November 1, 2014

Thinking About Storage In a New Way, From Cloud to Flash, with Dropbox and Fusion-io

I’ve been a storage revolutionary for quite a while, looking for new ways of data storage rather than technologies that perpetuate the same old approaches. That’s why I’m excited about the implications of two very different API access methods announced by Dropbox at DBX and by Fusion-io today at OSCON.

We need smarter, more integrated storage.

Dropbox App Storage

On the consumer side, there’s Dropbox, who announced Sync and Datastore APIs at their DBX conference this month. These APIs are interesting in and of themselves, but more so when one takes a big picture look at them: Dropbox is challenging the whole concept of mobile device storage, suggesting that temporary caches of a cloud datastore are more relevant.

It would be foolish to argue that distributed sync and key/value datastores aren’t taking over the mobile world, but these things are devilishly difficult to get right. Witness Apple’s continuing stumbles with iCloud, for example. But Dropbox has done a fantastic job of making sync work in the real world, and now they’re opening those systems to developers.

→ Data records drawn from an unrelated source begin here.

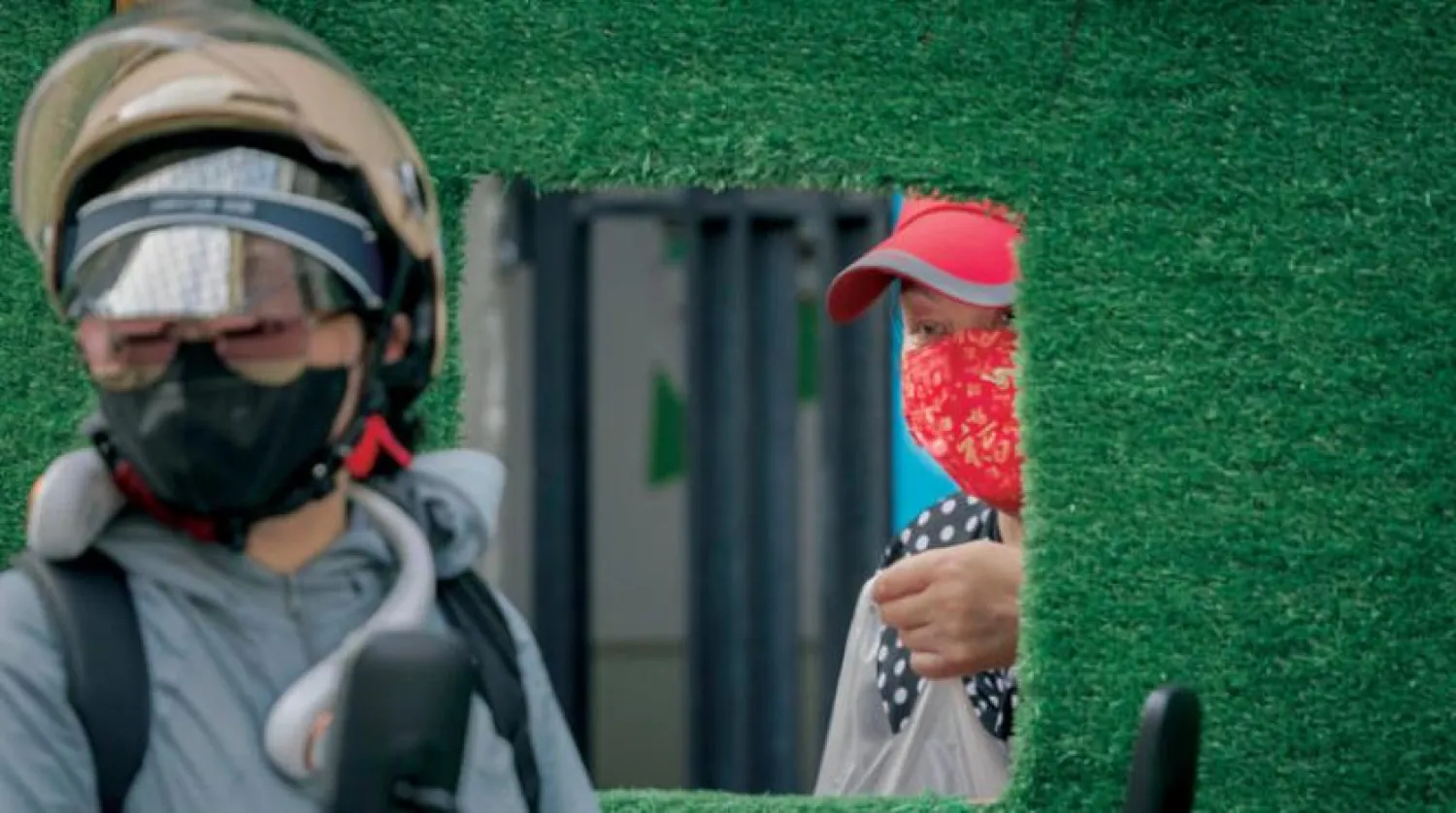 12 Temmuz 2022’de Şanghay’da karantina sırasında bariyerdeki pencereden yiyecek alan bir kadın (EPA)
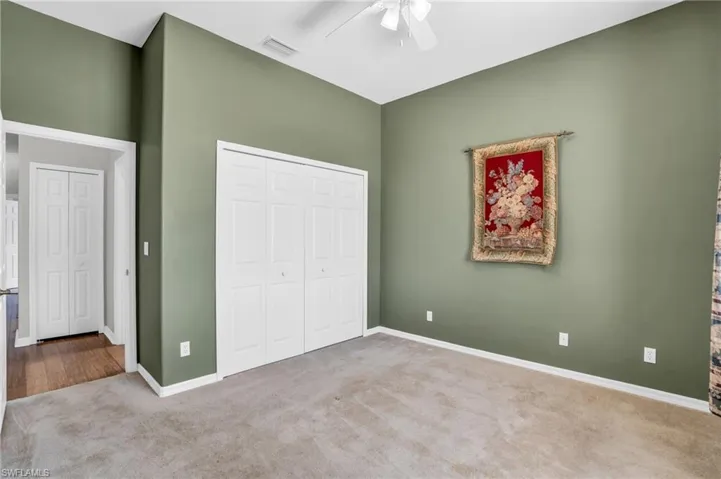 Unfurnished bedroom with a closet, carpet, and ceiling fan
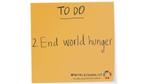 Orange sticky note with End world hunger written on it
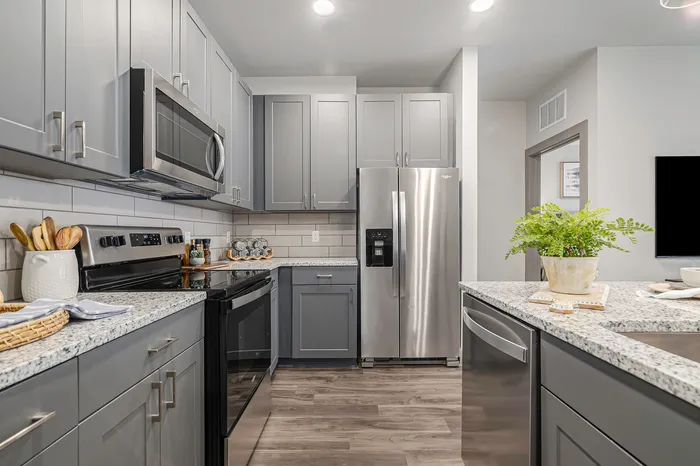 furnished kitchen with island in apartment home
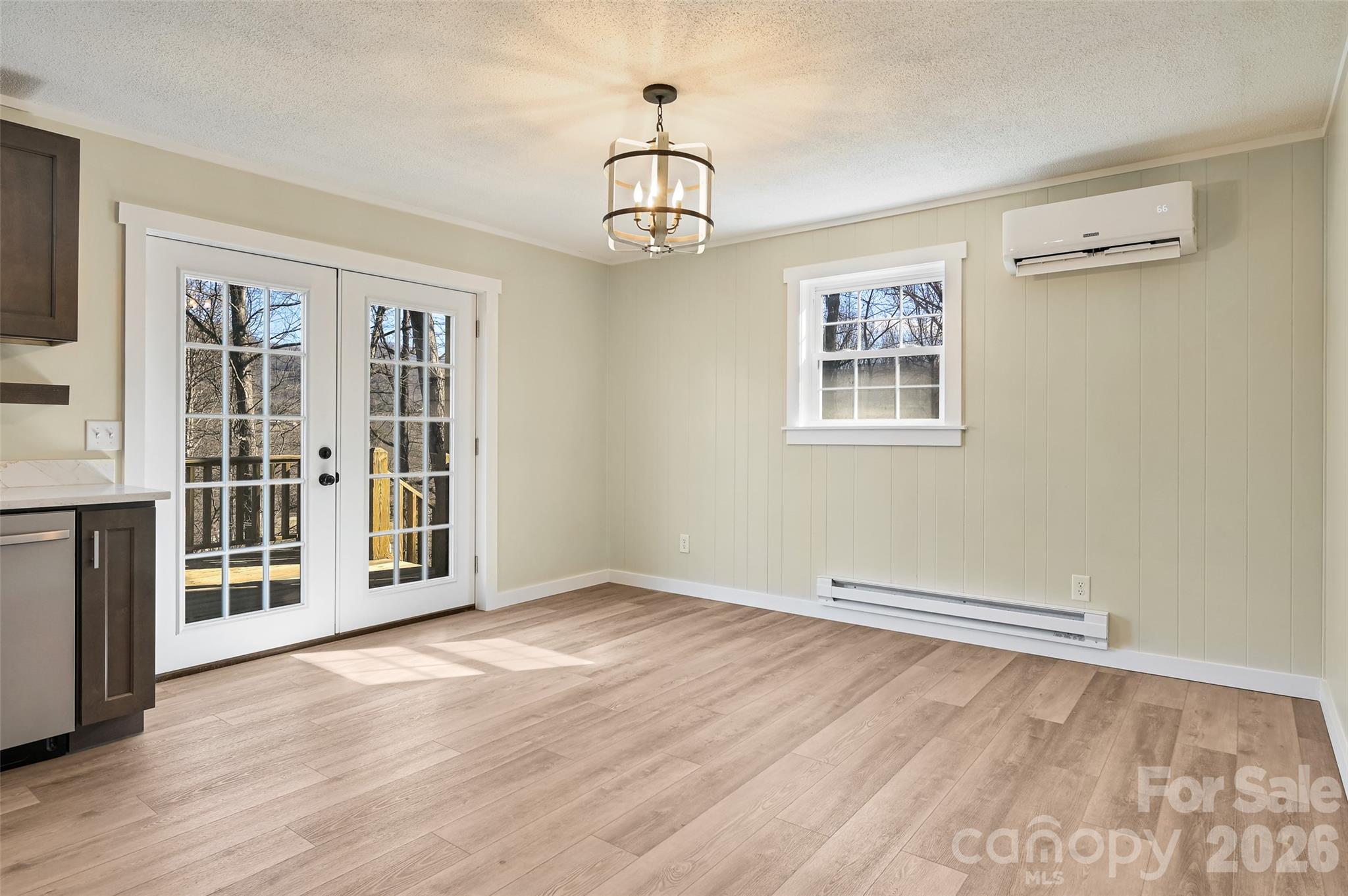 241 Sherrill Lane Canton, NC 28716 - Photo 18 of 39 wooden floor in an empty room with a window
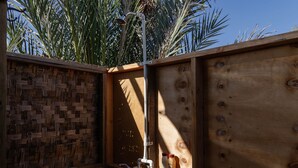 A wooden outdoor shower enclosure with a woven privacy screen, a metal showerhead, and two bottles on a shelf. - The Baja Station - Palapa in front of the surf break (San José del Cabo)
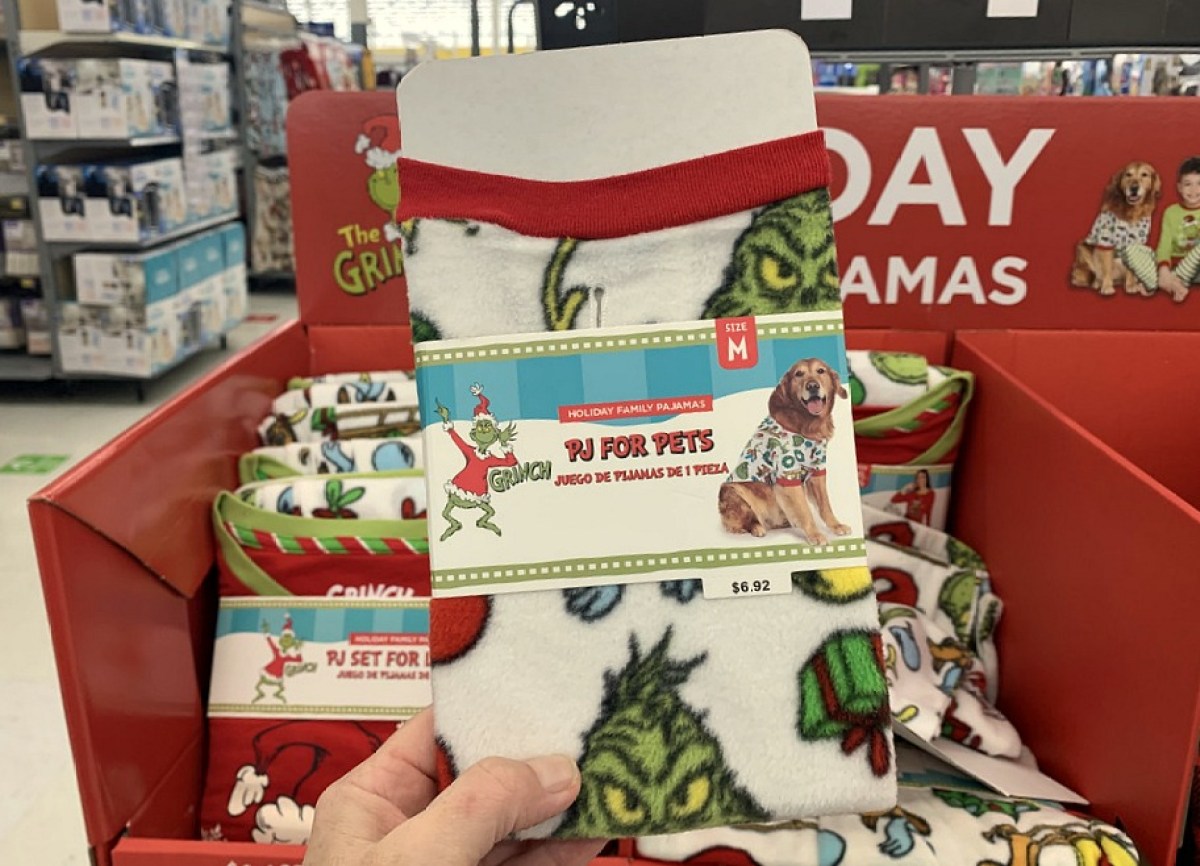 grinch dog pjs held in hand at store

But Dropbox is also explicitly challenging the whole notion of file-based storage. This is another huge, and overdue, revelation. Why bother with files when what today’s apps really need is key/value lookups and blob storage? Watch the keynote above and consider what they’re saying: It’s a new world, and this is what storage ought to look like.

Fusion-io NVM Access

After taking a week to digest the implications of Dropbox’s mobility-enhancing storage strategy, I was contacted by Fusion-io regarding their announcements at Open Source Convention (OSCON) 2013. After a discussion with Brent Compton, Sr. Director of Product Management, I am convinced that this seemingly-unrelated announcement actually has a lot in common!

Fusion-io is announcing three contributions to open source:

  1. A key-value interface to flash, NVMKV – This is an API spec and library along with source code enabling applications directly to store data in non-volatile memory (e.g. Fusion-io flash cards) using a key/value pair rather than conventional file or block I/O.
  2. A modification of the Linux VM subsystem enabling better use of demand paging from non-volatile memory. Paging was basically given up for dead among Linux server guys, but makes a whole lot more sense in a NVM world!
  3. API specs for the Fusion-io flash translation layer enabling atomic access to non-volatile memory, including vectored atomic writes. This has already been implemented in MariaDB 5.5.31 and Percona Server 5.5.31-30.

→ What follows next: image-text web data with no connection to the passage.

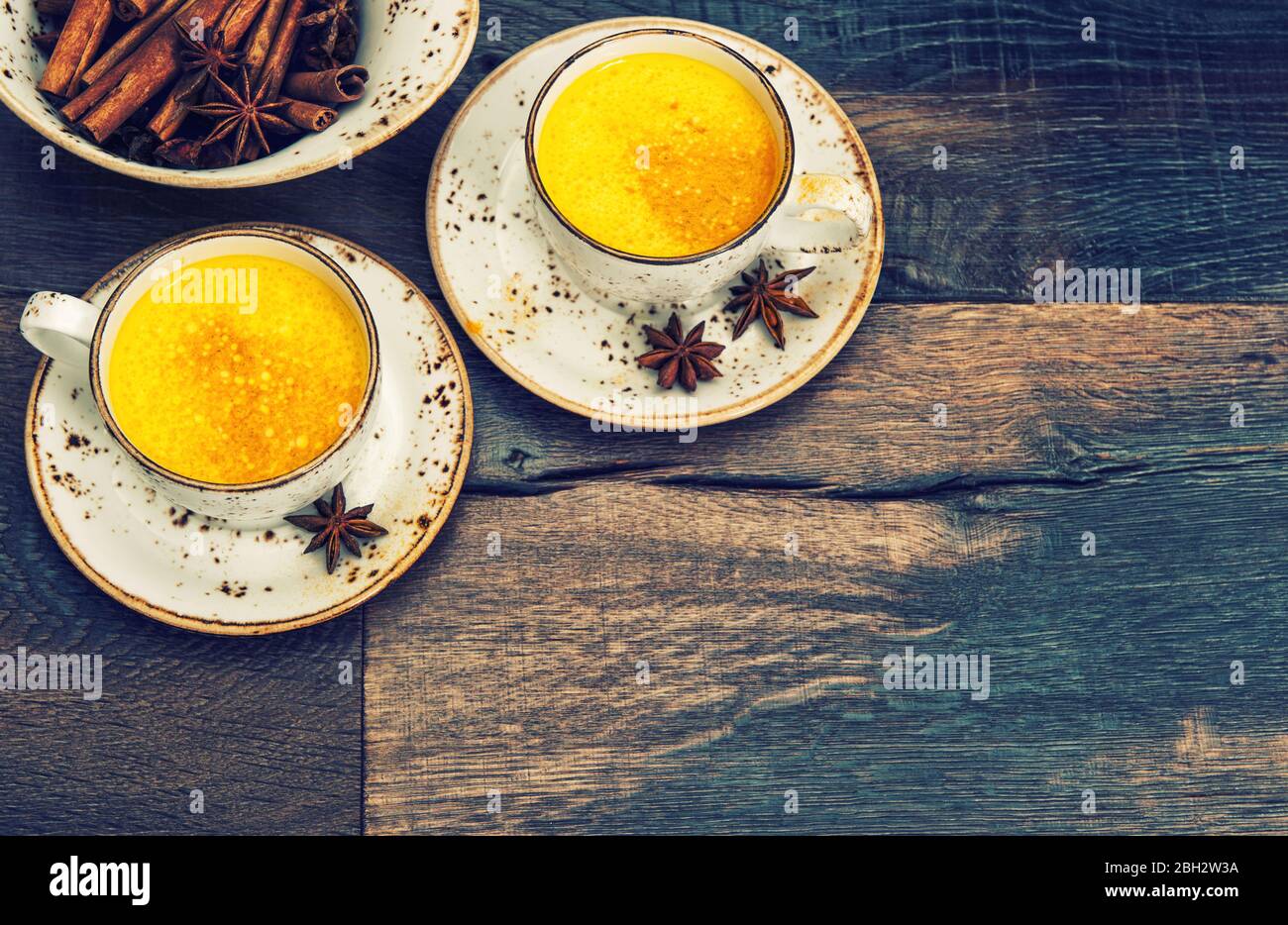 Hot curcuma turmeric milk drink with spices. Vintage style toned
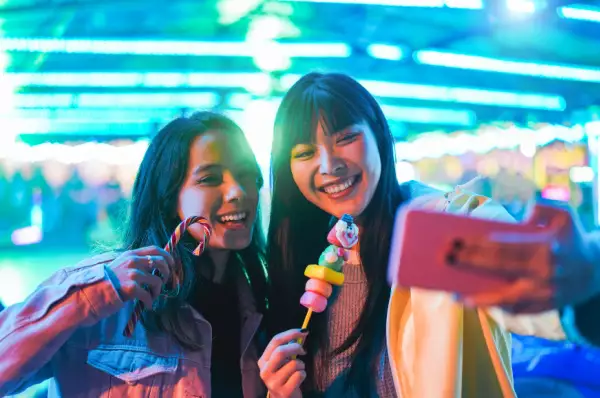 Spaß im Freizeitpark Zwei Frauen machen ein Selfie und essen Süßigkeiten.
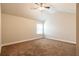 Simple bedroom with carpet, ceiling fan, and a large window that allows natural light in at 2436 Planters Mill Way, Conyers, GA 30012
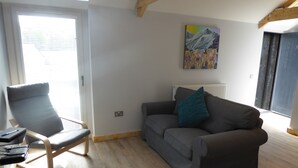 Un salon moderne avec un canapé gris, une table basse en bois et un fauteuil. Il y a un tableau au mur et une fenêtre avec des stores.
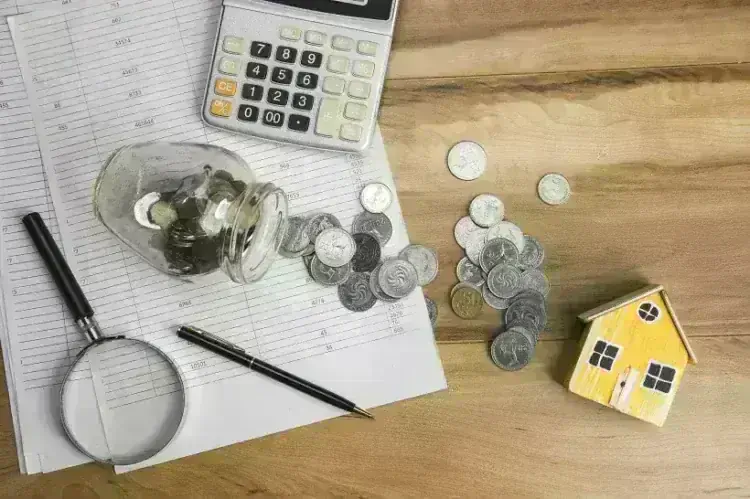 house model with coins on document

Let’s take a moment to consider the Fusion-io announcement in a larger context: They’re not talking about conventional storage paradigms anymore. Instead, Fusion-io is pushing specific enhancements to real-world applications to use storage in a new way. This is the Internet datacenter flipside of the Dropbox announcement!

Here’s an example: MySQL databases (with Innodb) use a double write technique to ensure consistency: They write all data twice, then perform an fsync(), then proceed knowing the data is safely written. This is necessary because block storage can result in partial writes: Perhaps the system crashes after one or two 4K blocks were written, losing the remaining blocks and leaving the data in an inconsistent state. But Fusion-io’s atomic write API pushes responsibility for data consistency to the storage device: Issue an atomic write and the ioMemory card will ensure the data has been written completely. So MySQL can skip the double write and just commit data directly.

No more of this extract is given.